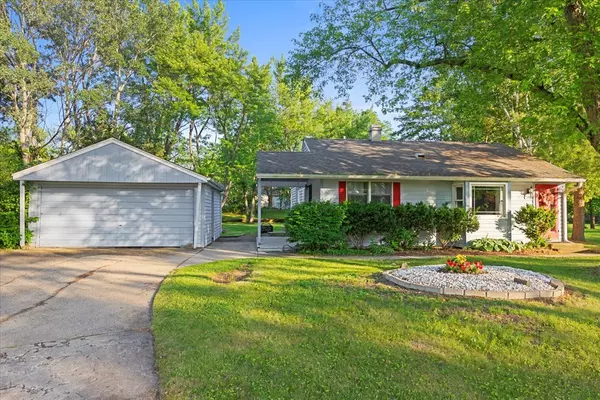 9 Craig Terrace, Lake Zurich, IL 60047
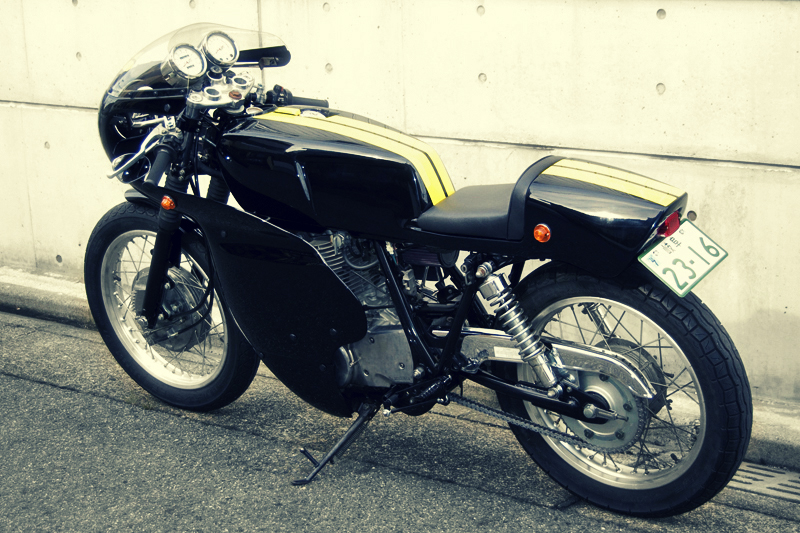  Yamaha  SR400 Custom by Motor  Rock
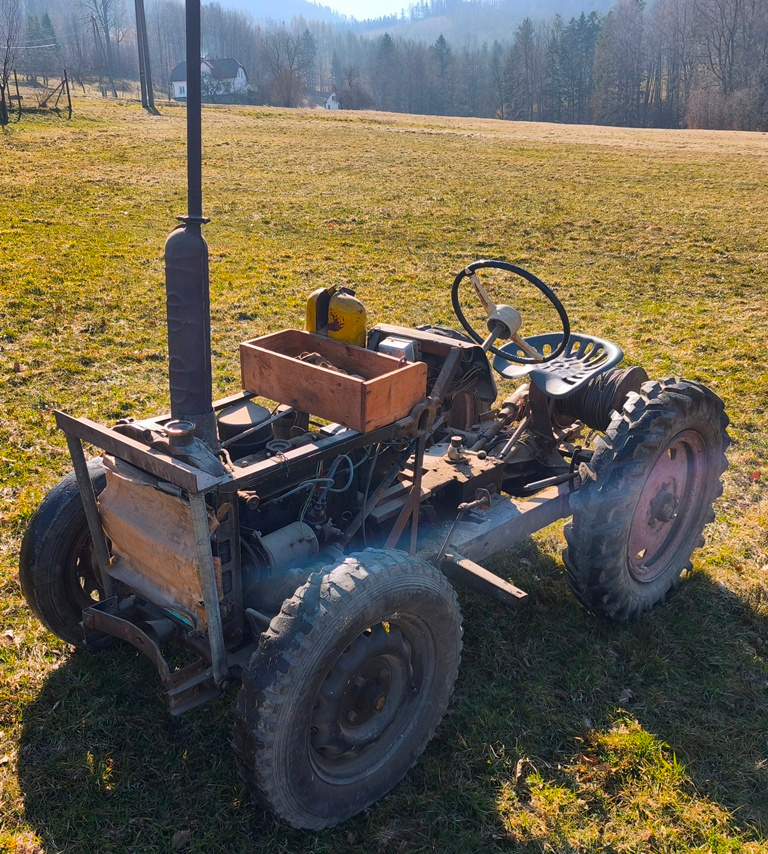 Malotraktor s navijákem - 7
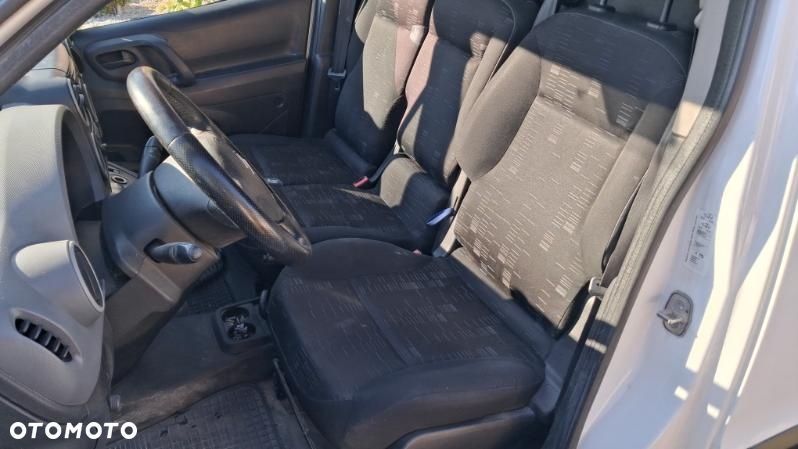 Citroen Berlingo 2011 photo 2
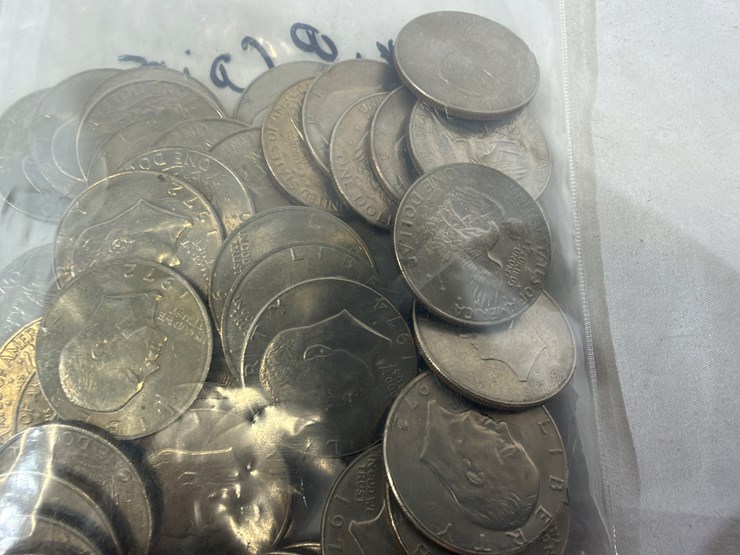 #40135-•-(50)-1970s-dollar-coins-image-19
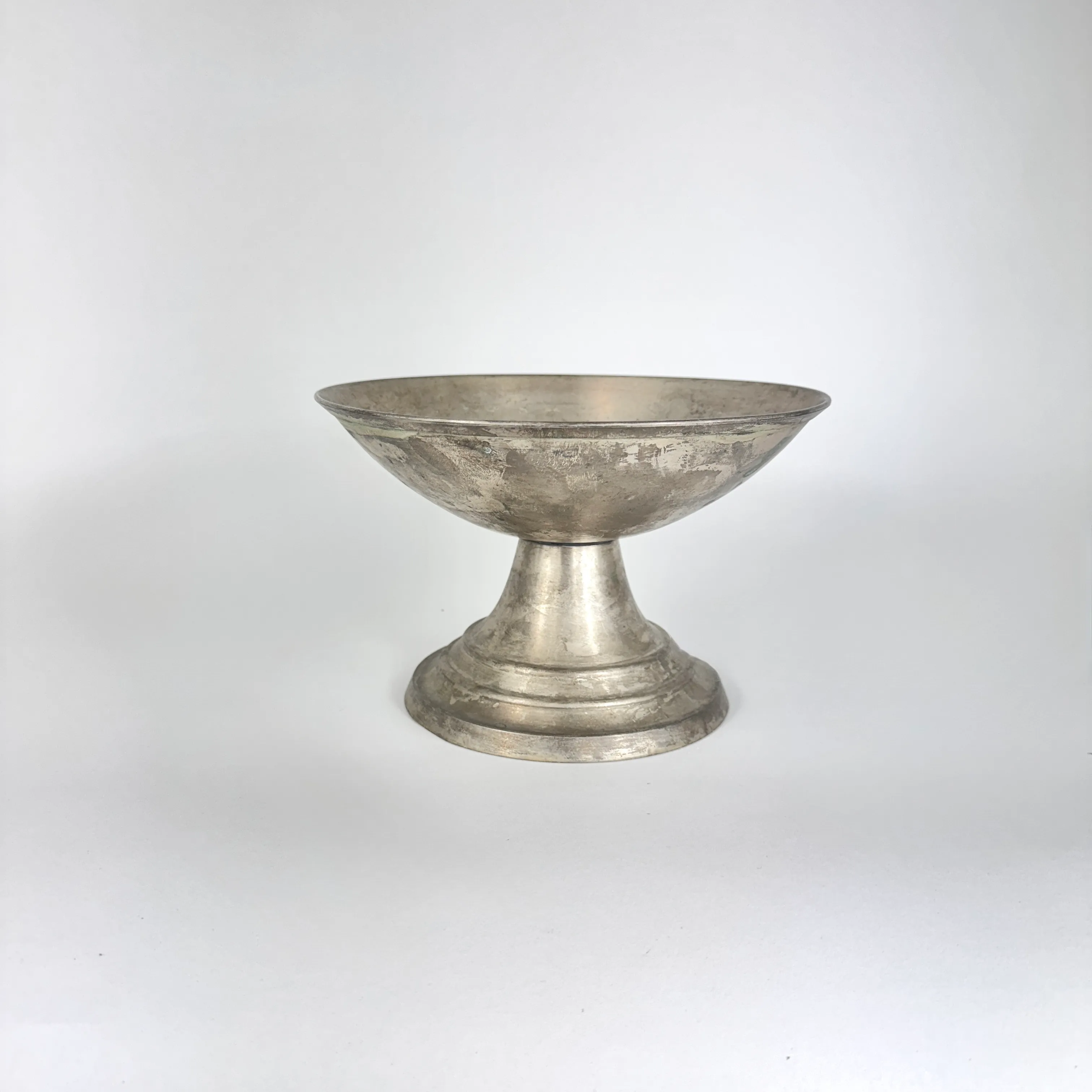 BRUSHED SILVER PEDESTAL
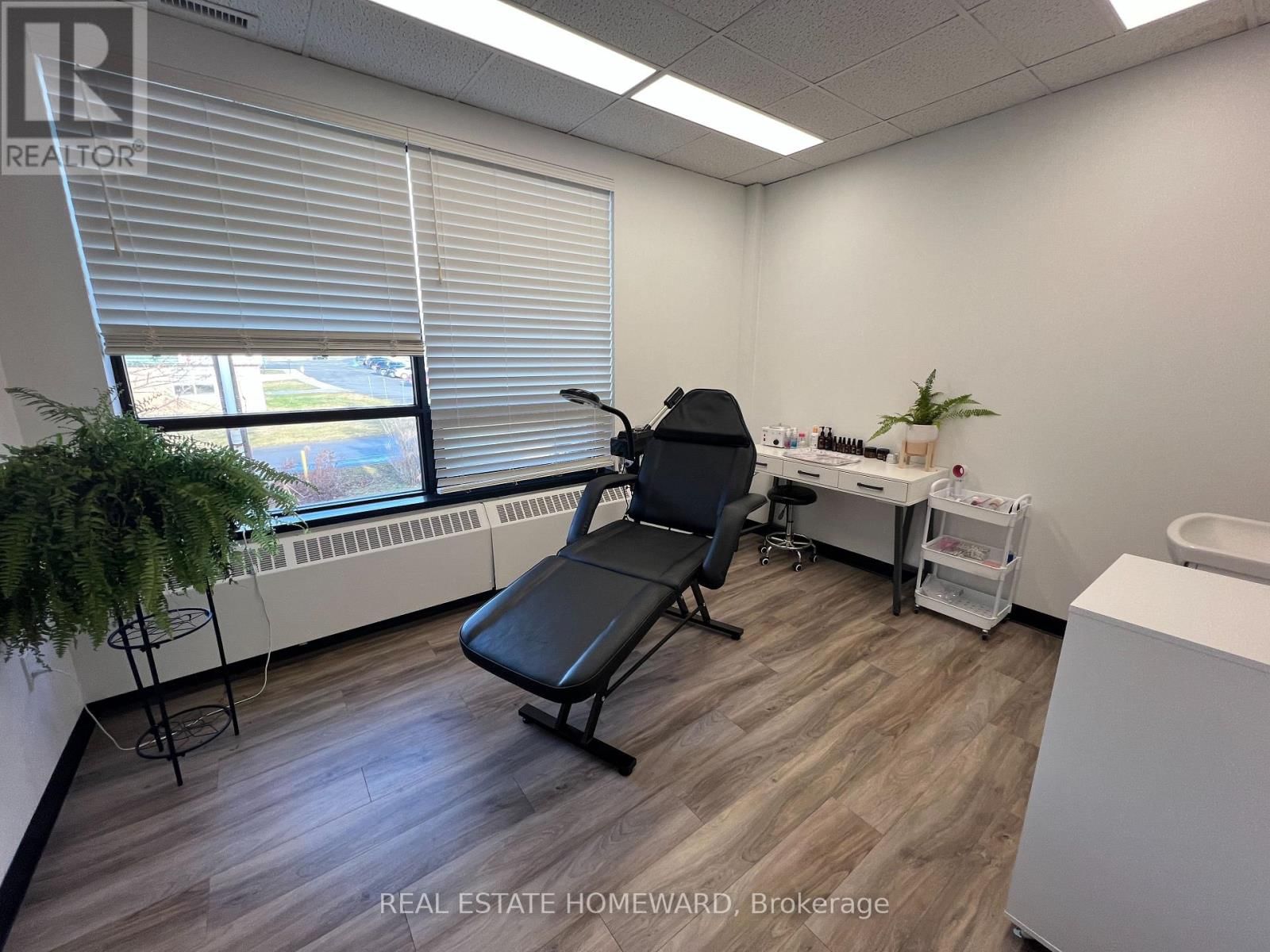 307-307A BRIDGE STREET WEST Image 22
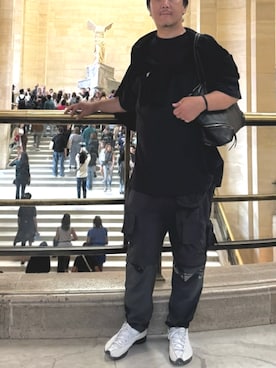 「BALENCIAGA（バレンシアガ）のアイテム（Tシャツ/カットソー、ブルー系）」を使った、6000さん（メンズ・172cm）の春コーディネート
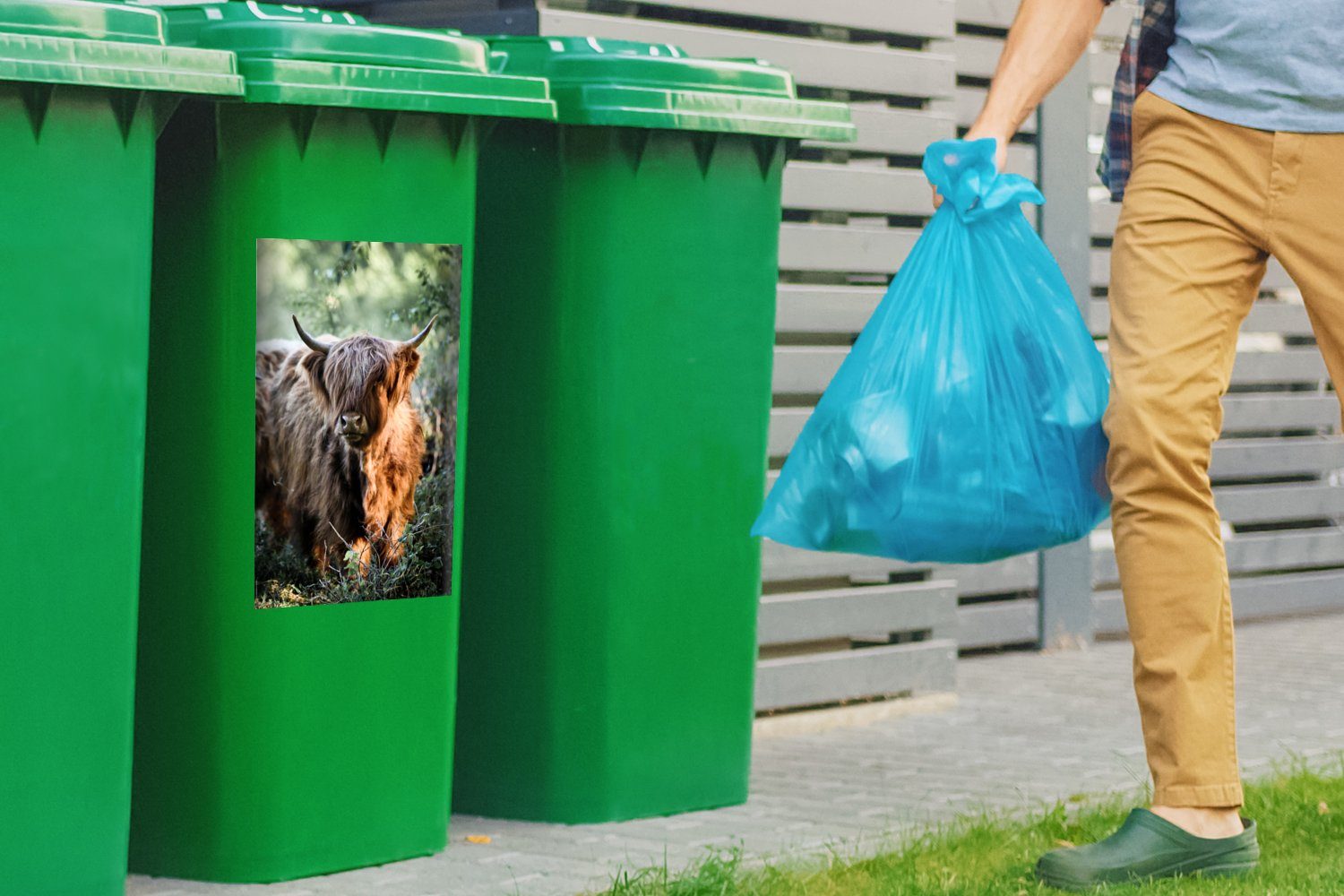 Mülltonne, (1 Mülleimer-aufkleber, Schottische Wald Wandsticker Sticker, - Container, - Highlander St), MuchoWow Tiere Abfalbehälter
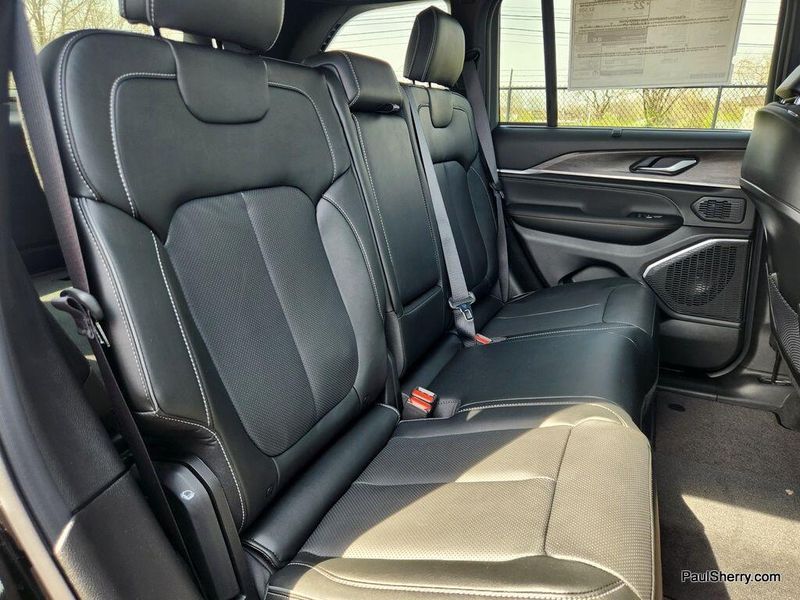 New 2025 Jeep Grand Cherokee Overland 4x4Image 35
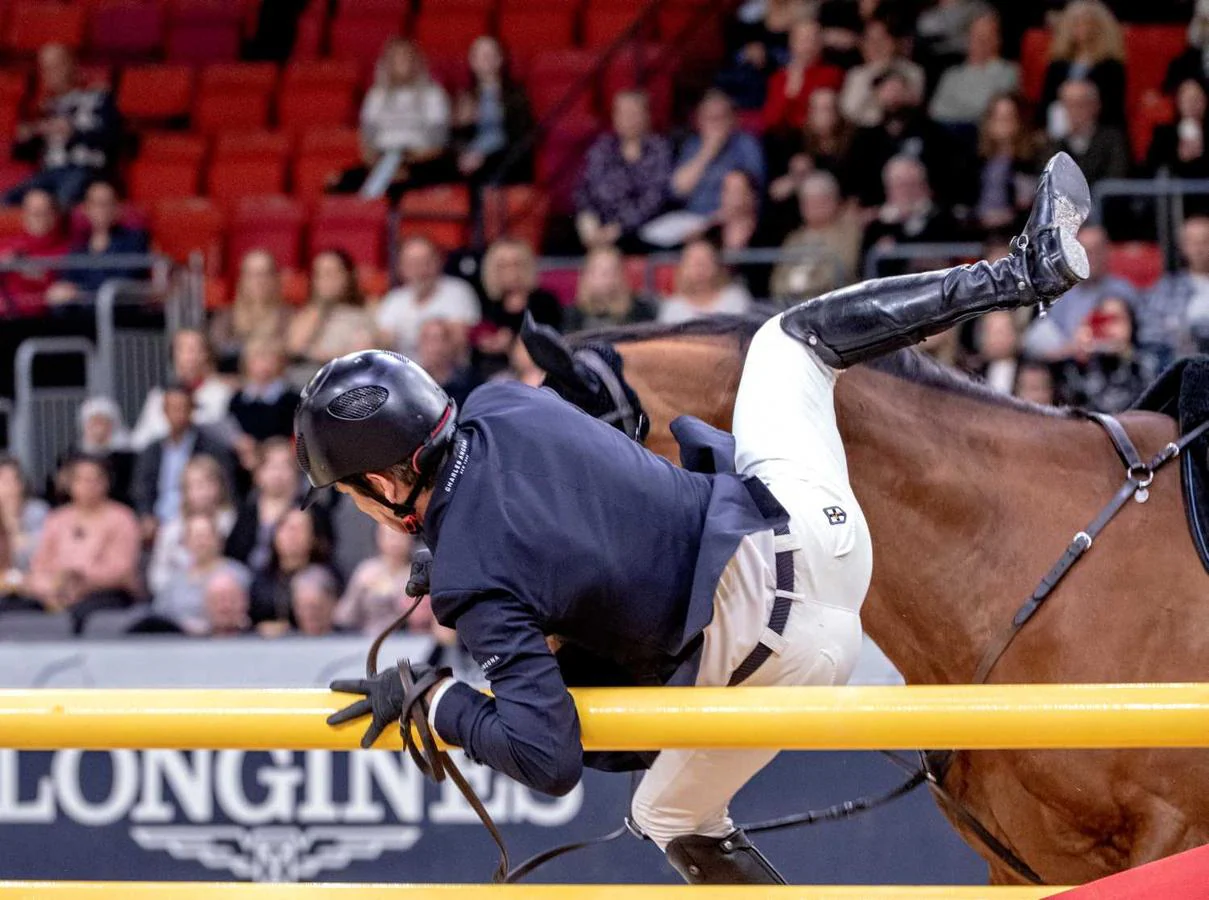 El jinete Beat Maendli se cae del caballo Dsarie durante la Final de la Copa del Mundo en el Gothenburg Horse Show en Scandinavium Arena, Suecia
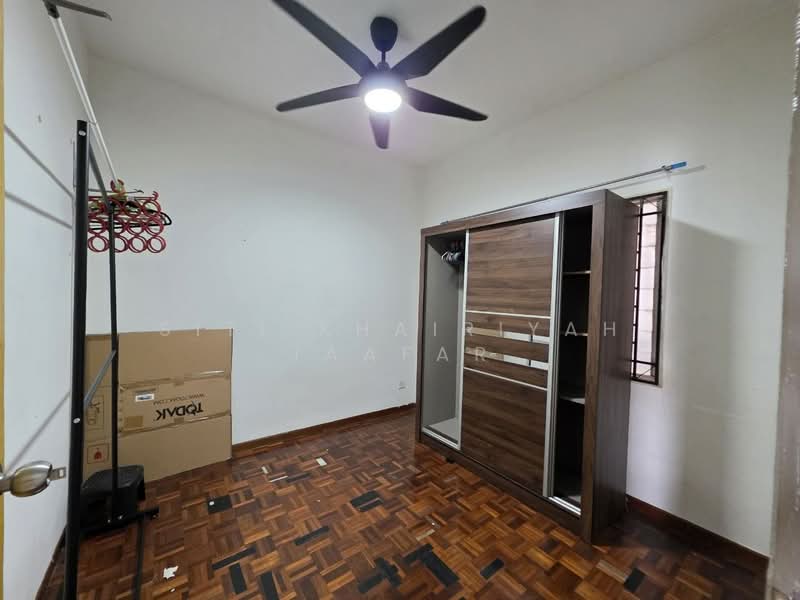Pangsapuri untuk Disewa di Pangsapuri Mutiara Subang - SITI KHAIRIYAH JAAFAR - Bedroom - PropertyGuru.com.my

# WORK INSTRUCTION
Leaving each image aside, repeat the listing above exactly.

# THE COMPLETED TASK
 9 Craig Terrace, Lake Zurich, IL 60047
  Yamaha  SR400 Custom by Motor  Rock
 Malotraktor s navijákem - 7
 Citroen Berlingo 2011 photo 2
 #40135-•-(50)-1970s-dollar-coins-image-19
 BRUSHED SILVER PEDESTAL
 307-307A BRIDGE STREET WEST Image 22
 「BALENCIAGA（バレンシアガ）のアイテム（Tシャツ/カットソー、ブルー系）」を使った、6000さん（メンズ・172cm）の春コーディネート
 Mülltonne, (1 Mülleimer-aufkleber, Schottische Wald Wandsticker Sticker, - Container, - Highlander St), MuchoWow Tiere Abfalbehälter
 New 2025 Jeep Grand Cherokee Overland 4x4Image 35
 El jinete Beat Maendli se cae del caballo Dsarie durante la Final de la Copa del Mundo en el Gothenburg Horse Show en Scandinavium Arena, Suecia
Pangsapuri untuk Disewa di Pangsapuri Mutiara Subang - SITI KHAIRIYAH JAAFAR - Bedroom - PropertyGuru.com.my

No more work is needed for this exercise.